As you say consciousness is a ladder. You can rise up it (with practice) and down it as you choose. When you are able to reach higher states of consciousness it’s easy to come back down again to do your brain surgery. I would rather have a brain surgeon who has the ability to reach those higher levels of consciousness when he chooses, as I feel that his at-will connection with the Buddha consciousness can’t fail to have a positive effect on him, maybe including increasing his surgical skill (?).


# · Will

Hi, Kate. What I’m saying, I think, is that to see consciousness as a ladder may be to force the various phenomena into an evaluative framework that may not help us to think about the various things that our minds do. Having said this, you spotted the slightly questionable move that I made in the piece above. We might not want a surgeon who was in dhyana operating on us; but we might prefer a surgeon who was capable of that degree of mental stillness and absorption.

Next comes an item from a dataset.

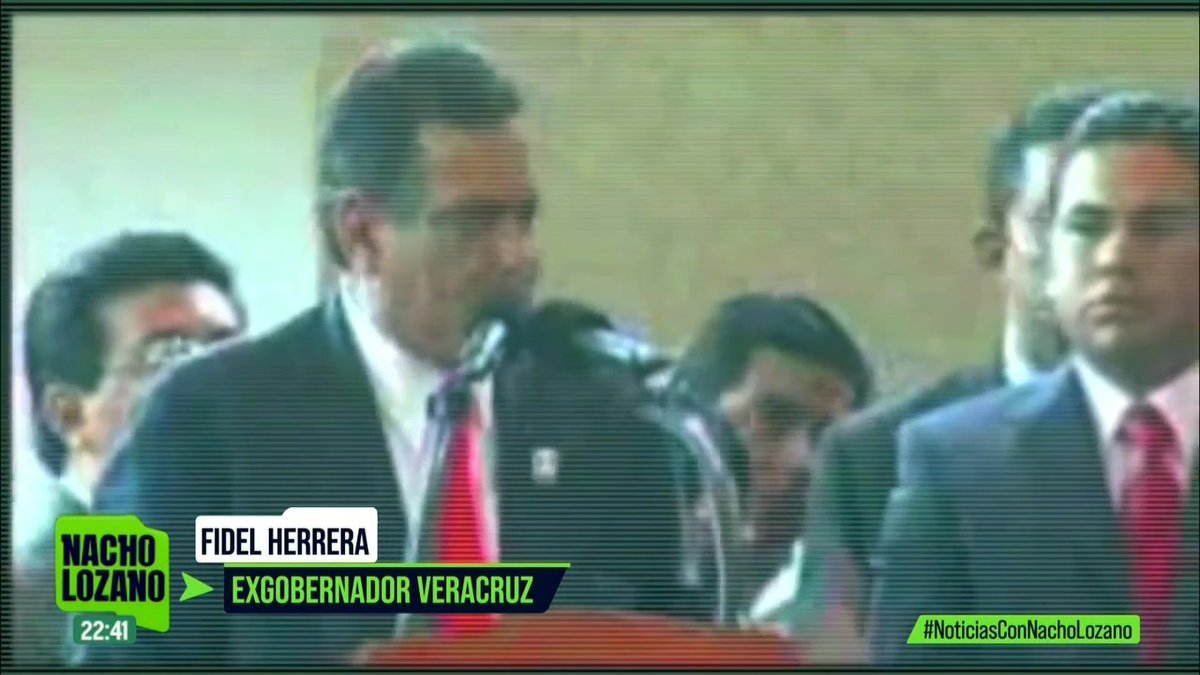Esta tarde falleció a los 76 años Fidel Herrera Beltrá, exgobernador de #Veracruz y uno de los políticos más polémicos del primer cuarto de siglo. Su trayectoria política estuvo manchada por varios escándalos. Esta es un poco de su historia:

I should look at more of Marvin Minsky’s work, David. As you say, the idea of a “society of mind” may have some bearing on the idea of anatman.

Thanks for bringing up the five sense consciousnesses, Jayarava, which is useful in this context (at least as a way of talking about different kinds of consciousness that are not ranked in a hierarchy). I’m not sure what a mental object is, though. I’ve been sitting here trying to see if I can find any, and I’m not sure I can. Having said this, I’m not sure I can’t. They seem like fairly robust phenomena, but they dissolve, as the Gelug folks say, under analysis.

# · icra ihaleleri

Thank you very much for sharing. To help me..

# · Seinbeetre

Its the same mistake over and over again.
There is no ladder and neither is there a hierarchy accept from the subjective point of view of being in one of those states of mind(consciousness).
Its the same with ethics. Just stop judging things as good, bad, worse or better. A rock is a rock just like a human shooting a human is a human shooting a human. It only becomes undesirable in our world of mental constructs.

One of the biggest strengths and at the same time weaknesses of humans is to constantly have to group and order things. There is no order but the order imagined in our minds. Enlightenment is being in a state of mind when the mind does not judge or classify.